** RAW DATA follows **

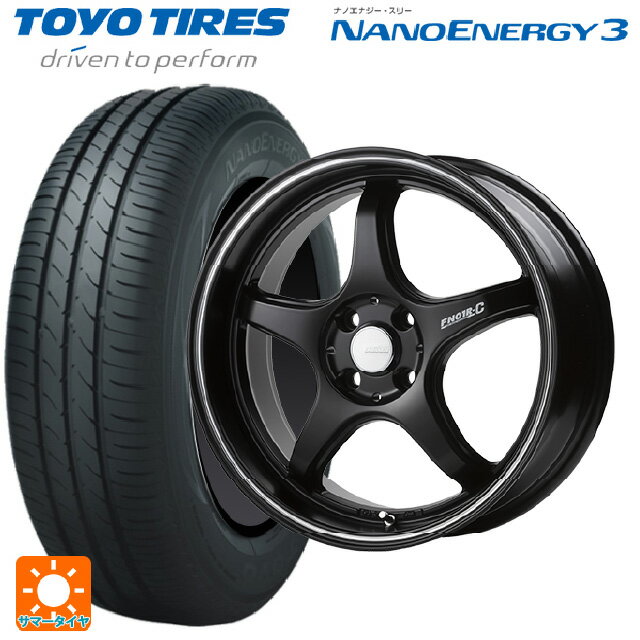 【6/15〜16限定 全品P5倍＆クーポン】165/50R16 75V トーヨー ナノエナジー3 ゴジゲン マットブラック+マシニングライン 16-5.5J 国産車用 サマータイヤホイール4本セット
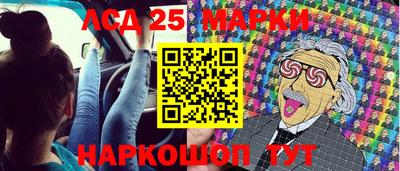 амфетамин Ливны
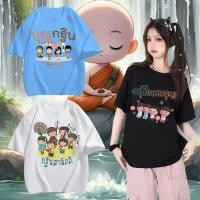 ราคา COD จัดส่งตลอด 24 ชั่วโมง เสื้อยืดลายดอกสงกรานต์ ซีทรูไปทะเล สไตล์เกาหลีใหม่ ท็อปส์ซูผู้หญิง ผ้านุ่มสวยใส่สบาย 05 (51257519850)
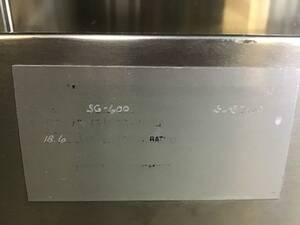 Used Good BAKER SterilGard SG-600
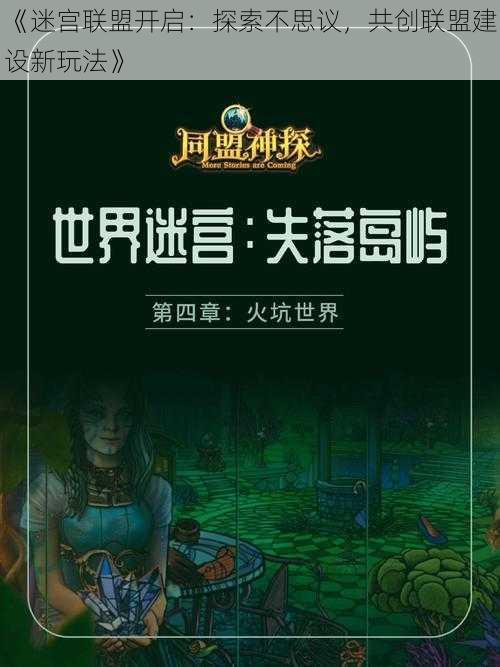 《迷宫联盟开启：探索不思议，共创联盟建设新玩法》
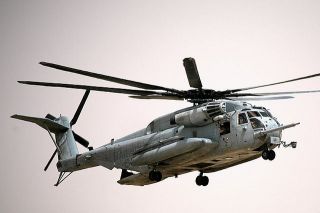 Which Decepticon's vehicle form is a Sikorsky CH-53E Super Stallion?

** End of RAW DATA **

▶ TASK DIRECTIONS: Please give an exact printout of all the records, pictures aside.

▶ THE ANSWER:
 【6/15〜16限定 全品P5倍＆クーポン】165/50R16 75V トーヨー ナノエナジー3 ゴジゲン マットブラック+マシニングライン 16-5.5J 国産車用 サマータイヤホイール4本セット
 амфетамин Ливны
 ราคา COD จัดส่งตลอด 24 ชั่วโมง เสื้อยืดลายดอกสงกรานต์ ซีทรูไปทะเล สไตล์เกาหลีใหม่ ท็อปส์ซูผู้หญิง ผ้านุ่มสวยใส่สบาย 05 (51257519850)
 Used Good BAKER SterilGard SG-600
 《迷宫联盟开启：探索不思议，共创联盟建设新玩法》
 Which Decepticon's vehicle form is a Sikorsky CH-53E Super Stallion?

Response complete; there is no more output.